Additional Information
In C++, this problem can be implemented using an ordered set. An ordered set is a data structure that stores all the elements in a sorted order ascending or descending. Two types of operations can be performed using an ordered set.
order_of_key( val ): Number of values in the set with a value less than ‘val’.
find_by_order( k ): kth element in the set(0 based indexing).
In our problem, we will use the 1st operation at each index and see how much easier the above problem implementation will become.
Implementation in C++
// C++ program for all substrings in which the count of 1’s is more than the count of 0’s
#include <bits/stdc++.h>
// Importing libraries for ordered set
#include <ext/pb_ds/assoc_container.hpp>
#include <ext/pb_ds/tree_policy.hpp>
using namespace __gnu_pbds;
#define ordered_set tree<int, null_type,less_equal<int>, rb_tree_tag,tree_order_statistics_node_update>
using namespace std;
/*
Function to count the number of
Substrings that contains more 1s than 0s
by counting inversions using ordered set
*/
int count_substrings(string& s ,int n){
vector <int>pref(n,0);
// Putting 1 for '1' and -1 for '0' as explained in the approach
for(int i=0;i<n;i++){
if(s[i]=='0')
pref[i] = -1;
else
pref[i] = 1;
}
// Converting into prefix sum array
for(int i=1; i<n;i++){
pref[i] += pref[i-1];
}
// Stores the count of valid substrings
int total = 0;
for(int i=0; i<n;i++){
// If pref[i] > 0 means string from 0 to i is a valid one
if(pref[i]>0){
++total;
}
}
ordered_set st;
for(int i=0; i<n;i++){
// Count of all elements which are less than pref[i]

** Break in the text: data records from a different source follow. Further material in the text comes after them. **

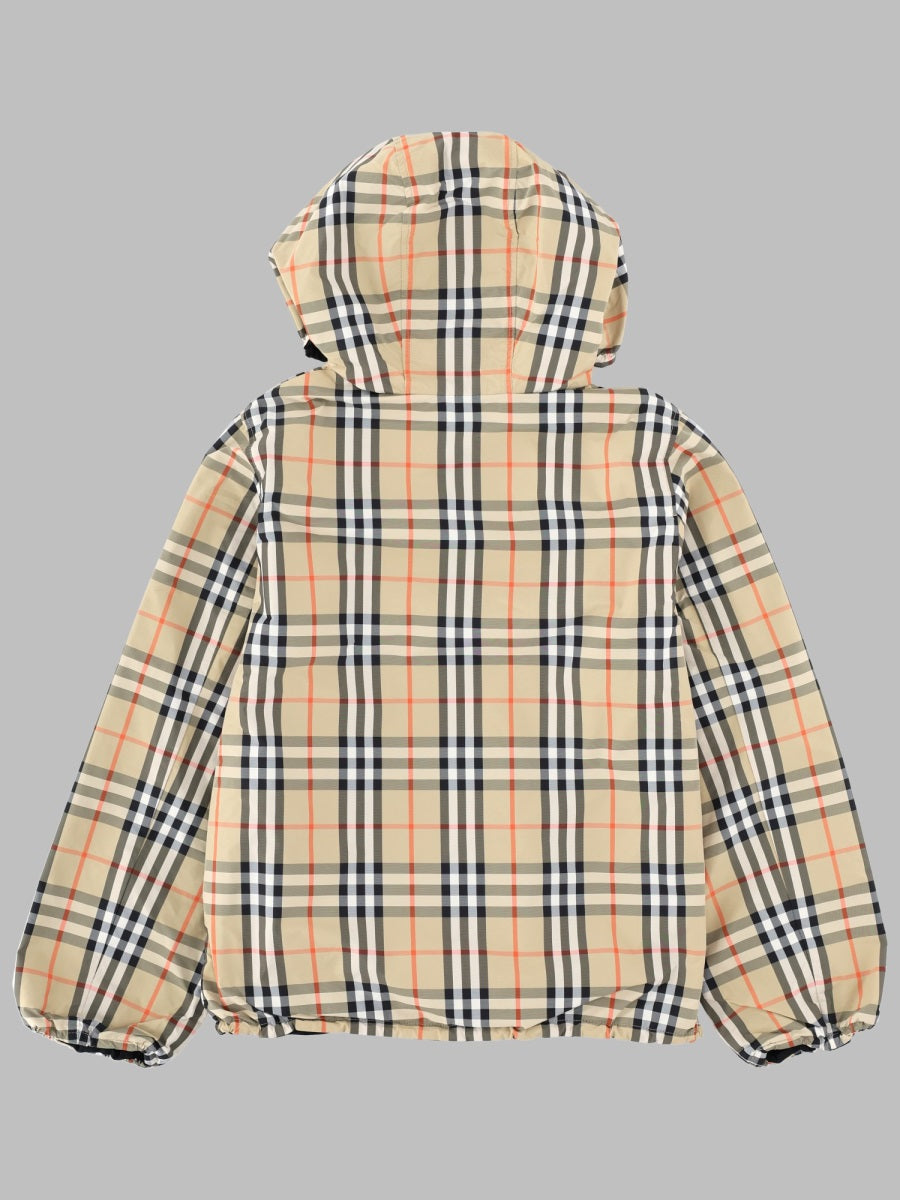 Burberry Kb6 Reece Checkq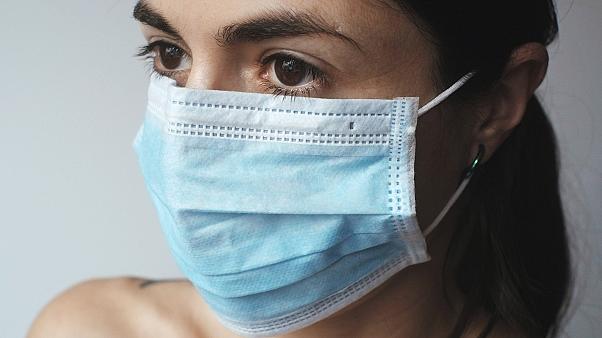 Consejos para usar máscaras en el verano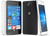 Microsoft Lumia 650 16 GB LTE Black Smartphone (Windows 10, Single Nano SIM, GSM, WCDMA, LTE)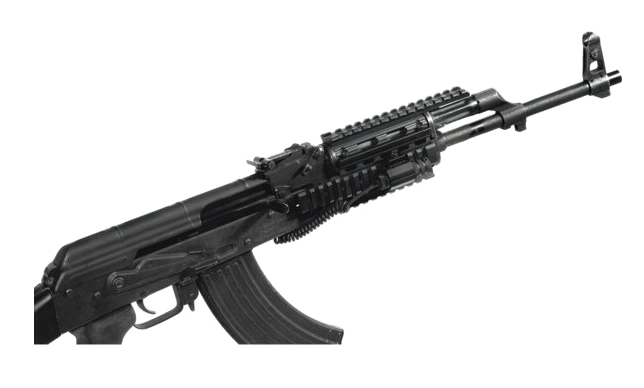 ชุดหน้า RISQuad สำหรับ AK47/AK74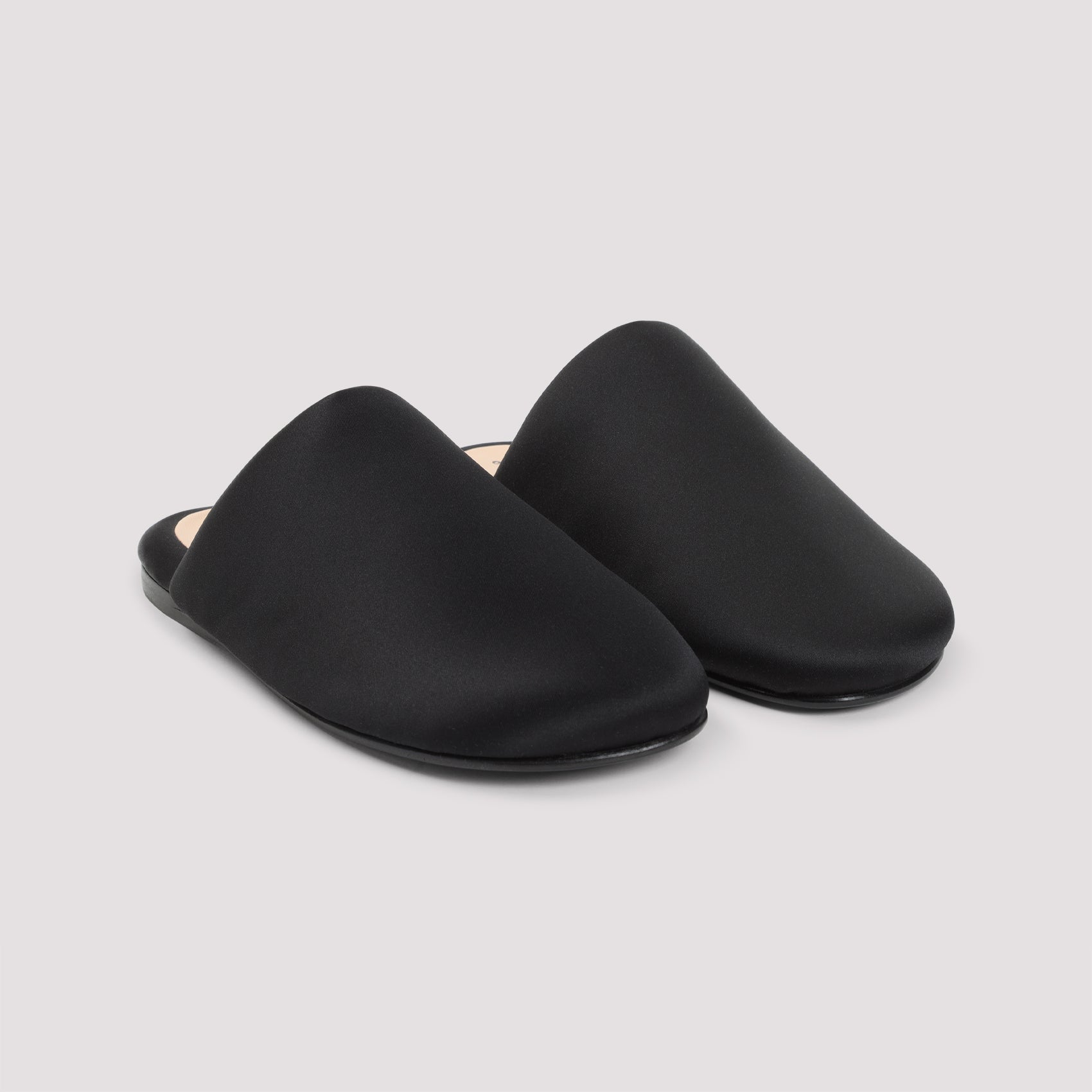 CARVEN Elegant Summer Slippers for Women - SS25 Collection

total += st.order_of_key(pref[i]);
// Inserting current element into the set
st.insert(pref[i]);
}
return total;
}
// Driver Code
int main(){
// Length of the given string
int n = 5;
// Given input string
string s = "11010";
// Function Call
int ans = count_substrings(s,n);
cout << ans << endl;
return 0;
}
You can also try this code with Online C++ Compiler
Which sorting algorithm is used when we sort using STL?
The sorting algorithm used in STL sort() is IntroSort. Introsort is a hybrid sorting algorithm that uses three sorting algorithms to minimize the running time. These algorithms are quicksort, Heapsort, and Insertion Sort.
What is the worst, average, and best case time complexity of merge sort?
Merge sort always have O(NlogN) in all the cases, because we always divide the array into maximum LogN parts, and then again merge them in O(N) time complexity, so overall time complexity is constant, i.e, O(NlogN).
How many substrings are possible for a string of length N?
There can be a possibility of N*(N + 1)/2 substrings of a string of length N.
What is the time complexity of update and query operations in the fenwick tree?
The updates and query operations in the worst case take up to an O(log N) runtime.
What are the different ways to solve the counting inversion problem?
The different types of ways to solve the counting inversion problem are merge sort technique, segment tree, Fenwick tree, and using ordered set (in C++).
Conclusion
In this blog, we discussed the problem of finding all substrings in which the count of 1s is more than the count of 0s in a given binary string. We saw the various approaches to solving this problem programmatically and saw the implementation of 3 approaches in Java and C++. We also discussed the time and space complexity of both approaches and saw how efficiently the approach uses the count inversion problem technique.